** THE RECORDS follows **

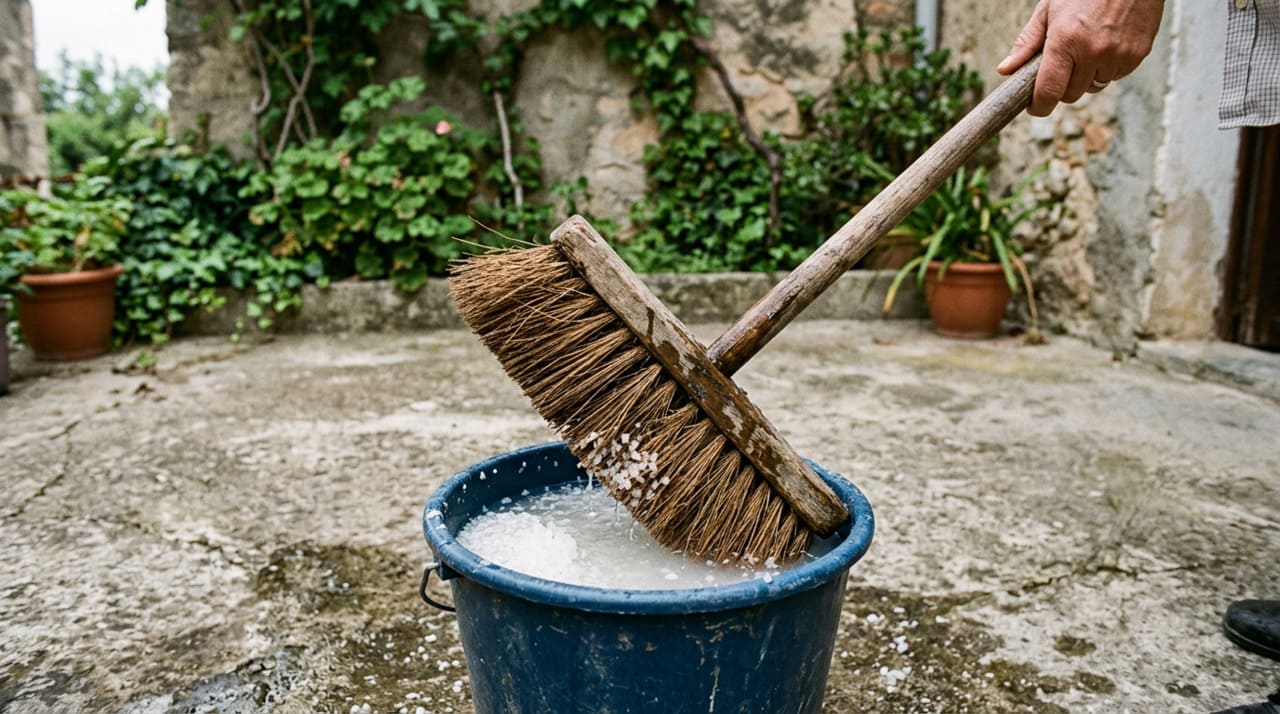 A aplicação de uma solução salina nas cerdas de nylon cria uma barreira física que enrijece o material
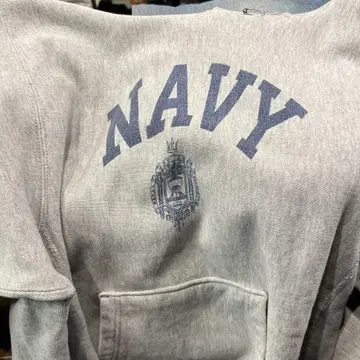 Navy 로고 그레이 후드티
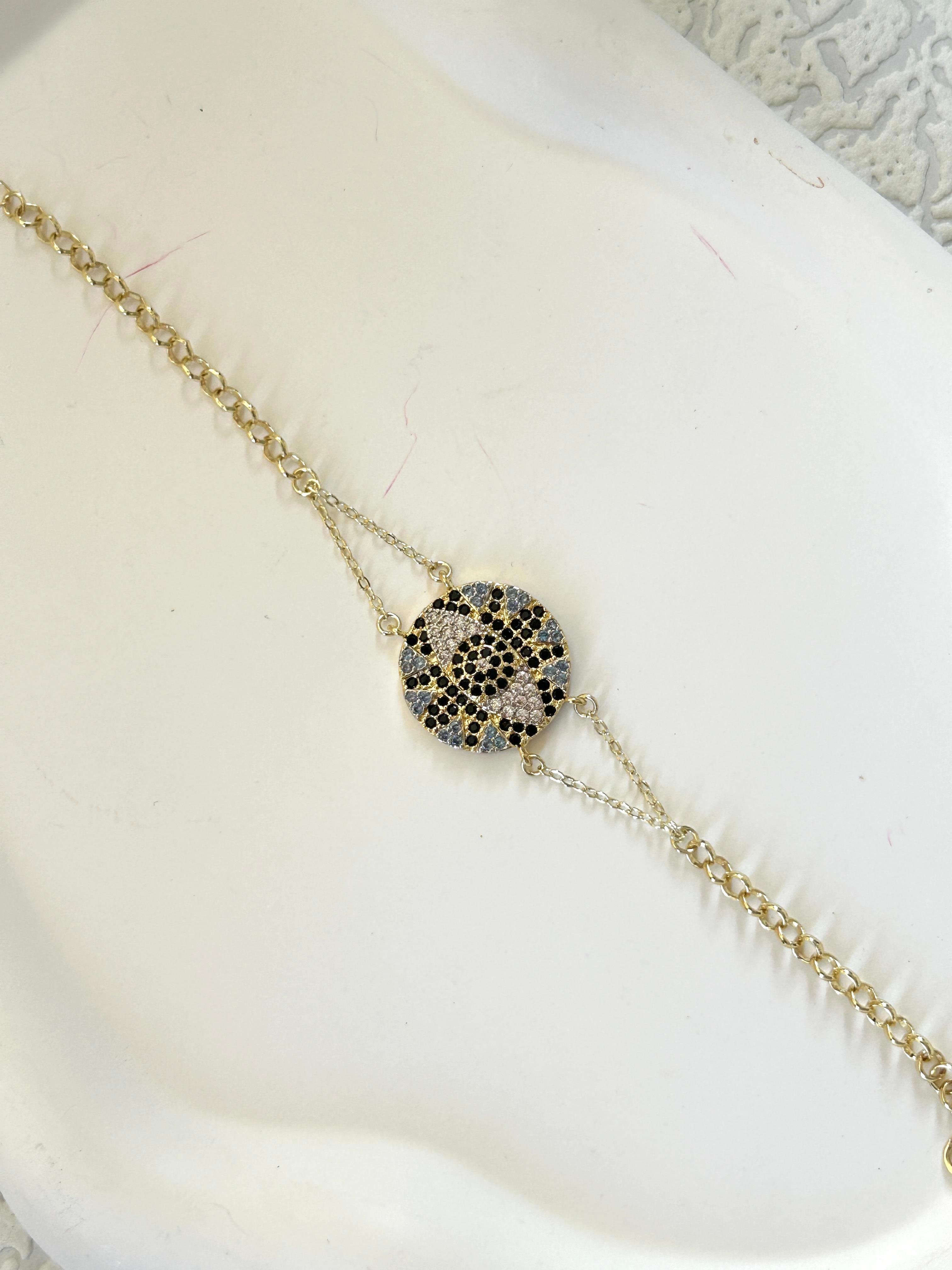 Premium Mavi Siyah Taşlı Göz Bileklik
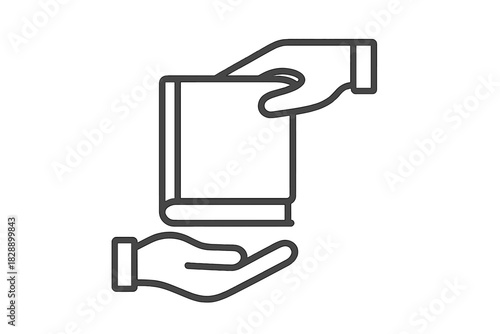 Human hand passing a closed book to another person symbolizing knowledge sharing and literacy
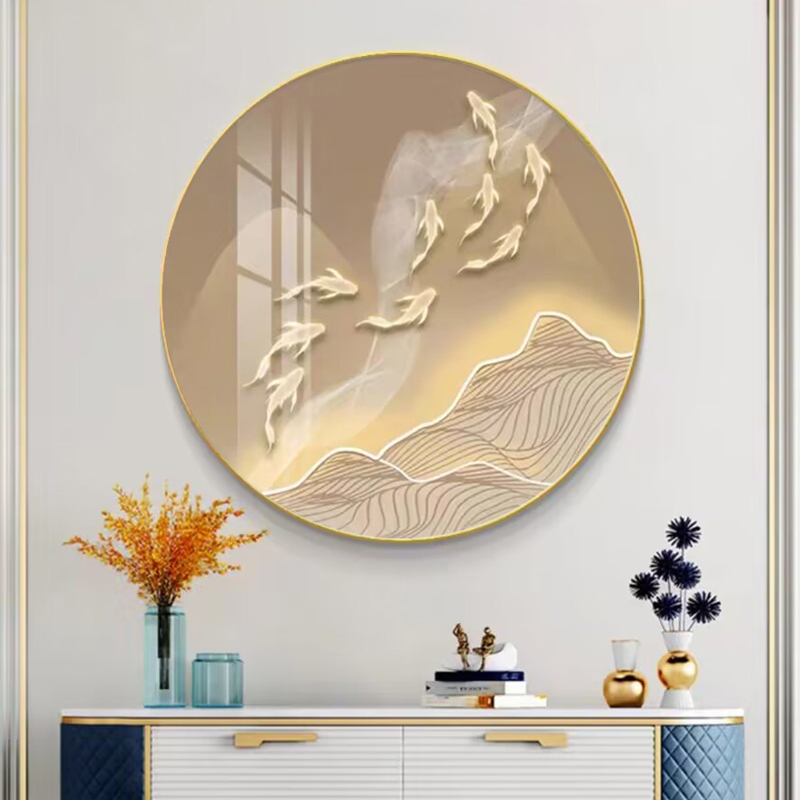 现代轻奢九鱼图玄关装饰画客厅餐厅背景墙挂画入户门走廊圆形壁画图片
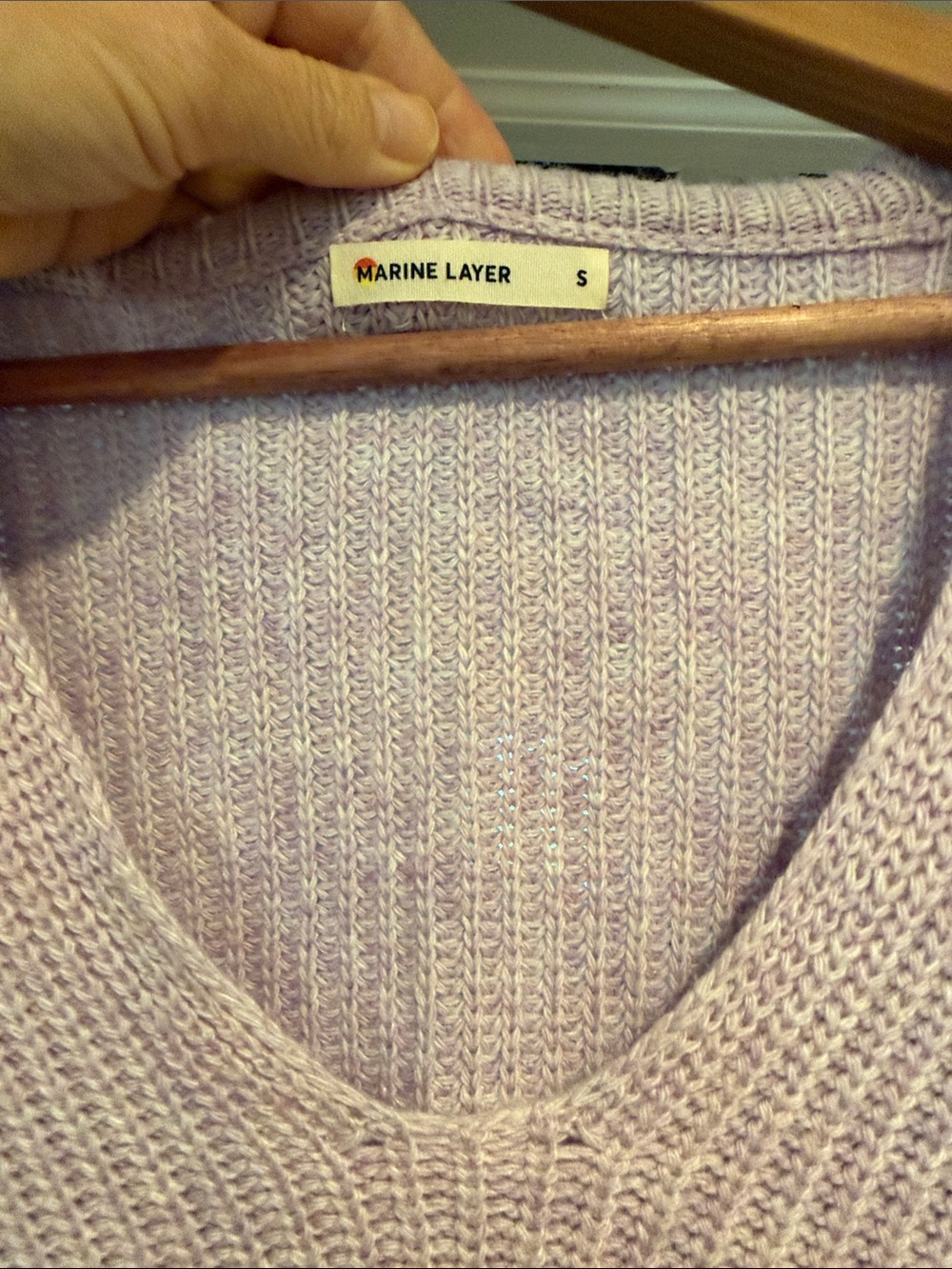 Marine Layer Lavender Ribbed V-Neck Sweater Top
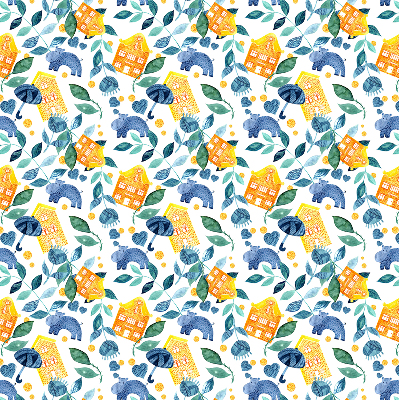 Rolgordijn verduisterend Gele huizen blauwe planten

** End of THE RECORDS **

* _YOUR INSTRUCTIONS_
Please set down the whole listing exactly, apart from the pictures.

* _RESPONSE TO THE EXERCISE_
 A aplicação de uma solução salina nas cerdas de nylon cria uma barreira física que enrijece o material
 Navy 로고 그레이 후드티
 Premium Mavi Siyah Taşlı Göz Bileklik
 Human hand passing a closed book to another person symbolizing knowledge sharing and literacy
 现代轻奢九鱼图玄关装饰画客厅餐厅背景墙挂画入户门走廊圆形壁画图片
 Marine Layer Lavender Ribbed V-Neck Sweater Top
 Rolgordijn verduisterend Gele huizen blauwe planten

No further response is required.